To transfer media via the Internet, it is necessary:
– to receive a signal from a capture device (camera/microphone)
– to convert the signal format to a compact form (encode/compress)
– to transfer the received data over the network to
– unpack the received data (decode).
Coding and unpacking are the most resource-intensive in this chain. They consume a considerable amount of CPU time. This procedure is necessary in order to ensure a small file size while retaining a sufficient amount of detail and allowing you to quickly convert the packed format into playable one at the same time.
Depending on many factors, you can use different codecs that will allow us to carry out the process we described above. There is a variety of ways to make it happen.

The most common codec for video transmission is a proprietary `H264` codec. 

H264 has a very high compression ratio with a relatively small quality loss. Most hardware manufacturers embed an encoder H264 into their devices.

H264 compression is a very complex process, it takes up a substantial amount of resources, while unpacking is rather simple. H264 is an outdated technology that was used specifically for Flash. Considering that Flash is not designed for real-time communications, the use of technologies based on it is extremely difficult to implement in the WEB. H264 was an integral part of the outdated Flash technology, which contributed to its active implementation in WEB technology. 

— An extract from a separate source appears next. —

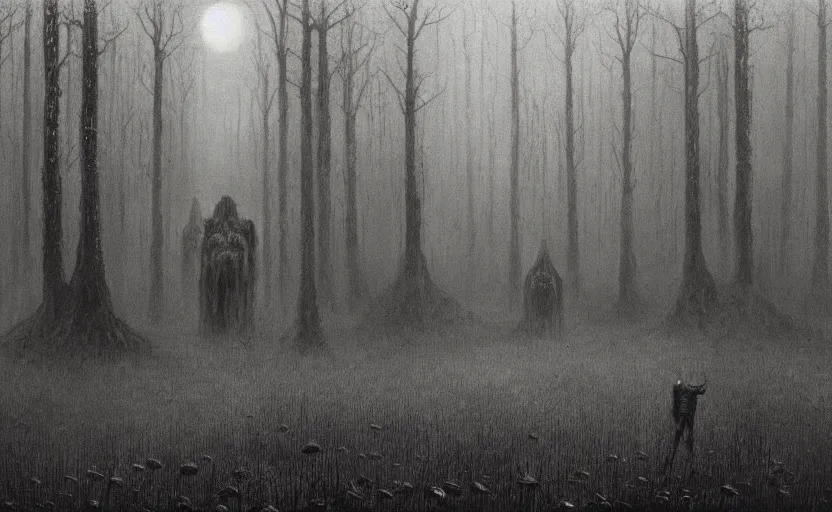 Prompt: Forest of damned souls by Beksinski, 4k, masterpiece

An open-source alternative is a VP8/VP9 codec. Unlike h264, the latter has a focus on real-time dispatch and therefore has a simpler packaging process.


The transmission scheme of a single media signal to multiple recipients is relatively simple and has excellent scalability. Receiving a single stream on the server, you only need to provide access to it using any popular transport (for example HTTP). You can expand the availability of such a signal using a CDN, VDN, or any service alike. There is no time synchronization in this case. Time delays are not permitted, they also do not affect the perception of the content. This method is well suited for webinars and streaming. 

Many-To-Many hell


Whenever there’s a need to transmit the signal bilaterally, the extensibility and advantages of the previous method disappear. In two-way communication mode, time synchronization is a very important component, and any delay is a critical indicator. 

From the performance point of view, the user must simultaneously encode (compress) his own signal, while sending it to the conversationalist and decode (unpack) the interlocutor’s signal. Given the need to ensure low latency, the compression/decompression process should be extremely simplified, which necessitates a search for a compromise between increasing file size and maintaining quality. 

A larger file is more difficult to transfer over the network. In the case the size is reduced, in rapid coding conditions, we face considerable quality losses. Another problem is the transport itself. The fact is that the Internet connection bandwidth varies for each participant of the call. And this means another delay.  

The scalability of multiparty communication is a rather problematic process. Distributing the signals on the server-side, maintaining time synchronism, and not creating delays at the same time requires alchemical efforts. 

Limiting 

Each call participant has a different bandwidth of the Internet connection. Each of the participants synchronously sends and receives data during the communication process. This means that within a single user, the number of received signals and the number of recipients of their own signal are strictly limited to the “width” of the Internet channel. 

How do we live with that?Special solutions are necessary at all stages of video signal transmission to battle the issue: 

                                1. video codec must be optimized for fast signal compression. Unpacking should allow processing of a damaged signal or a signal with lost packets.
                                2. At the transport level, it is recommended to abandon the strict control of packet delivery. In this case, the packages must be delivered as quickly as possible, without waiting for the previous ones, only waiting for the shipment. The UDP protocol is very well suited for this purpose. To minimize delays at the transport level, you can use a P2P connection (direct connection between two participants), bypassing the server. 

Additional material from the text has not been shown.